2. Başbakan Tayyip Erdoğan ve Başbakan Yardımcısı Bülent Arınç, Çin'in Doğu Türkistan'daki mezalimine ilişkin 'aşırı dengeli' söylemlerin ötesine geçti. Hükümet, Urumçi'de sergilenen “vahşet” manzaralarını, Birleşmiş Milletler Güvenlik Konseyi ve İslam Konferansı Teşkilatı'nın gündemine getirmeye hazırlanıyor. Türkiye'ye yakışan bir inisiyatif. “Ne işe yarayacak ki?” diye soranlara aldırmadan bu inisiyatifi sonuna kadar götürmek lazım. Türkiye'nin siyasi ve iktisadi gücü (yaptırım gücü) Çin'i durdurmaya bugün için kâfi gelmeyebilir; ama, insanlığın ölmediğini göstermek, Uygur Türklerinin kor gibi yanan yüreklerini bir nebze olsun serinletmek, sızlayan kamu vicdanını bir nebze olsun rahatlatmak da bir şeydir.
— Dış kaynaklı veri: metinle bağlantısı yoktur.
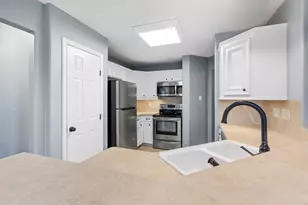 139 Horn Ct, Baytown, TX 77523 - Photo 10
Önemli bir şey. Bu tür inisiyatifler, Türkiye'nin kendini bir 'iyilik merkezi' olarak –yeniden- inşasına yarıyor. Mustafa Armağan “insanlığın son adası”nı yâd ediyor ya kitaplarında; işte o adanın ihyasına (veya o adanın ihyası için gerekli psikolojik zeminin oluşmasına) yarıyor bu tür inisiyatifler.
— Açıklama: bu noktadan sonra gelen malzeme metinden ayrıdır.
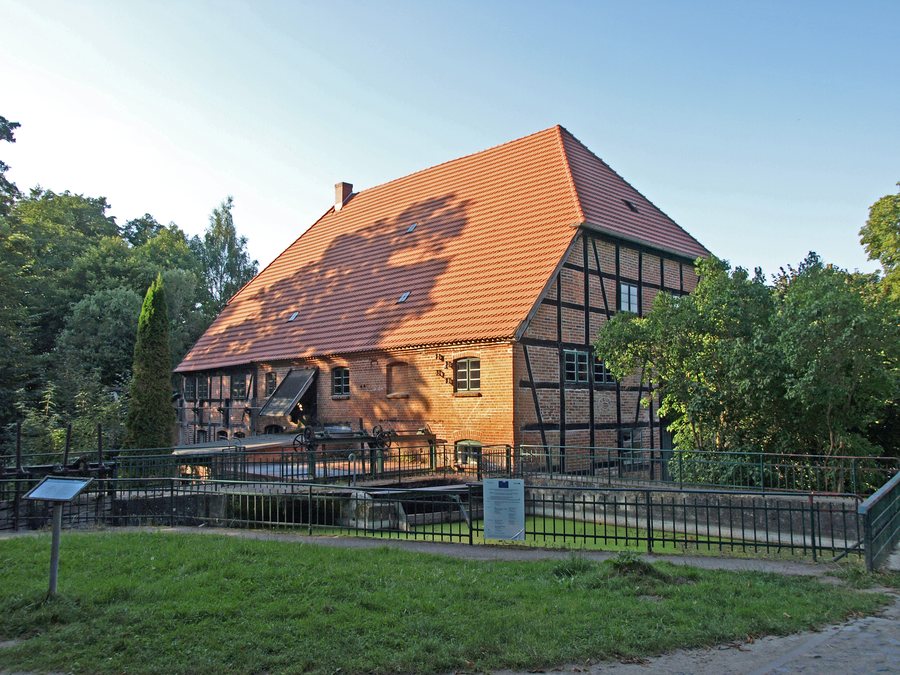 File:Kuchelmiss Wassermuehle.jpg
3. İbrahim Kiras'ın “insan annesini sever ve tanrıya inanır” diye başlayan bir şiiri var. Anne sevgisi dillere destan olduğu için Sadık Battal'a ithaf etmişti o şiiri. Ülke TV'deki “Tahta Köprü” programını takip edenler bilirler; yeri-göğü inleten Sadık Battal aslında bir ana kuzusudur. Attığı her adımda annesini yanında hissetmeden yapamaz. Dengesinin bozulacağını, düşeceğini düşünür. Konu ne olursa olsun, üç cümlede bir annesine selam verir. “Ana başa taç imiş / Her derde ilaç imiş / Bir oğul pir olsa bile / Anaya muhtaç imiş” şiiri adeta Sadık Battal için yazılmıştır. Sadık Battal bugün (10 Temmuz 2009) annesini ebediyete uğurluyor. İnna lillahi ve inna ileyhi raciun. Ben de yanında olacağım inşaallah. Hep yanında olacağım inşaallah. Annesinin yerini tutamam, kimse tutamaz; ama, oğlunun yoldaşı olduğum için bana daima inanılmaz bir sevgiyle bakan annesinin gözlerinin hatırına, teselli bulacağını umuyorum. Teselli bulmasa bile, bulmuş gibi yapacağını umuyorum. Kendini koyuvermemesini…
Güle güle teyzeciğim, Rahmet-i Rahmân üzerine olsun. Sabret kardeşim, Allah sabredenlerle beraberdir.